Ad un medico del lavoro viene contestato di avere contraffatto, in concorso con altro soggetto, gli elettrocardiogrammi e l’esame spirometrico, atti facenti fede fino a querela di falso, di alcuni lavoratori di una società cooperativa, sovrapponendo alla data originariamente apposta (09/06/2009) altra data (quella del giorno 08/06/2009) mediante l’uso del “bianchetto”. Ritenuto colpevole del reati ascrittigli (falso materiale – art. 476 c.p. e falso ideologico – art. 479 c.p.) viene condannato sia in primo che in secondo grado alla pena ritenuta di giustizia. Il medico ricorre in cassazione deducendo una violazione di legge laddove era stato ritenuto il concorso delle due diverse falsità e in ogni caso il difetto di dolo in quanto non aveva alcuna intenzione di alterare i documenti,



La Suprema Corte, quinta sezione penale, con la recente sentenza n. 12400/16, depositata il 23/03/2016, ritiene fondato il motivo attinente all’errore consistito nella contestazione anche del falso ideologico in quanto, trattandosi di documenti alterati ovvero contraffati nella data, non possono anche essere giudicati idonei ad ingannare in ordine al loro contenuto di veridicità.
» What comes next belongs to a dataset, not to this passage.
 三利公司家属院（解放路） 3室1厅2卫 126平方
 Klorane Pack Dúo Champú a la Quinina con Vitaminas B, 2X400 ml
Nel caso di specie, quindi, sussiste solo la fattispecie del falso materiale e, quindi, la sentenza impugnata è stata annullata e gli atti sono stati rimessi al altro giudice d’appello al quale è stato demandato anche il compito di verificare se sussiste l’elemento psicologico del dolo nel comportamento tenuto dal sanitario. La Corte di Cassazione precisa al riguardo che, pur vertendosi in una ipotesi di dolo generico, questo elemento del reato, cioè il dolo, non può essere considerato sussistente “in re ipsa”, in quanto deve pur sempre essere rigorosamente provato. Il reato di falso, invero, deve essere escluso quando il falso deriva da una semplice leggerezza ovvero da una negligenza del soggetto che ha alterato il documento perché il nostro ordinamento non incrimina il falso documentale colposo.